» SUPPLIED INFORMATION
········

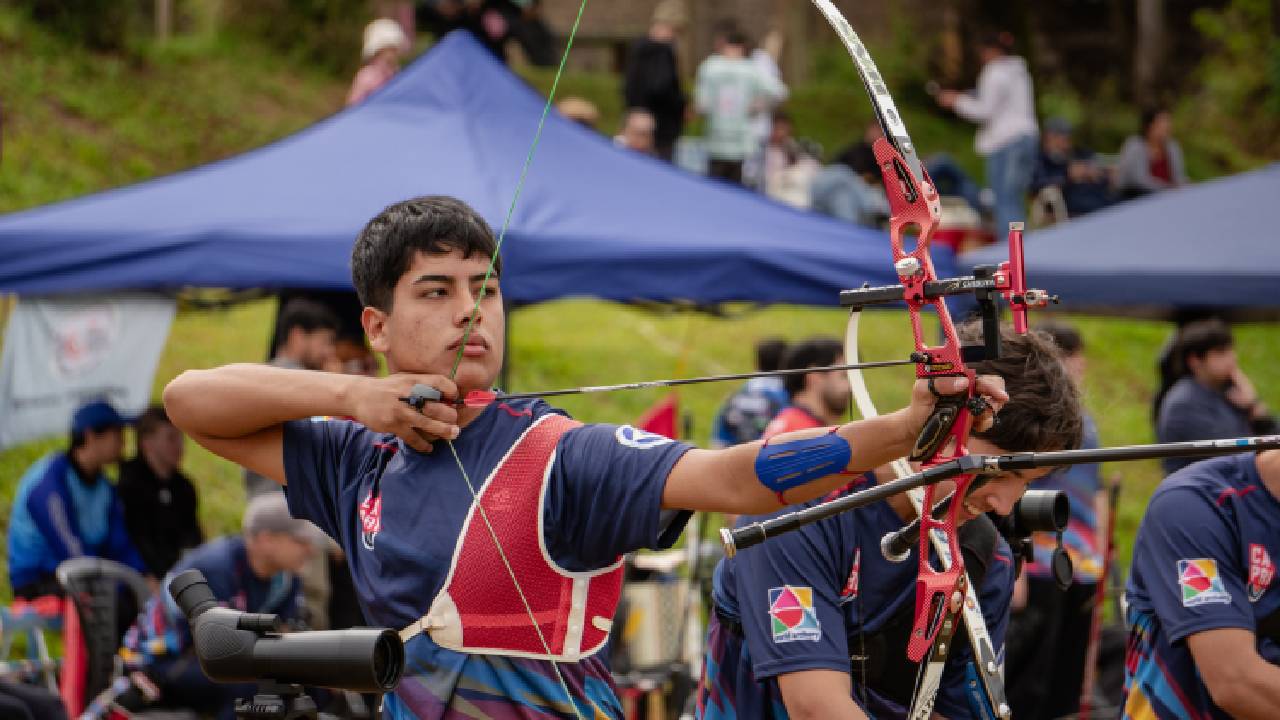 CAPRI brings fifty-six archers to Posadas regional tournament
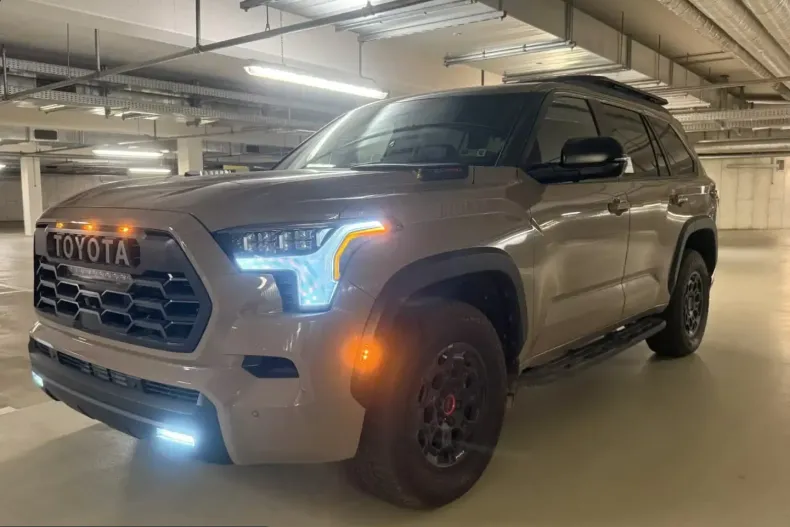 Toyota Sequoia din 2026 cu 51 km - oferta TOY236296 - foto 4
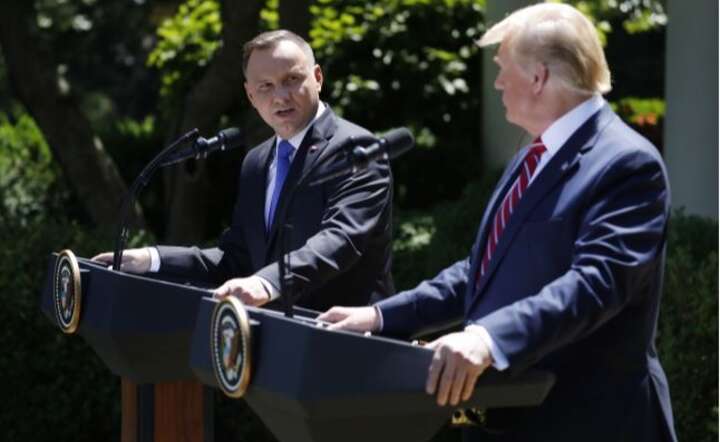 Andrzej Duda i Donald Trump / autor: PAP/EPA/SHAWN THEW / POOL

········

» WORK TASK
Restating the data word for word is the task, and pictures are to be omitted.

» TASK RESULT
 CAPRI brings fifty-six archers to Posadas regional tournament
 Toyota Sequoia din 2026 cu 51 km - oferta TOY236296 - foto 4
 Andrzej Duda i Donald Trump / autor: PAP/EPA/SHAWN THEW / POOL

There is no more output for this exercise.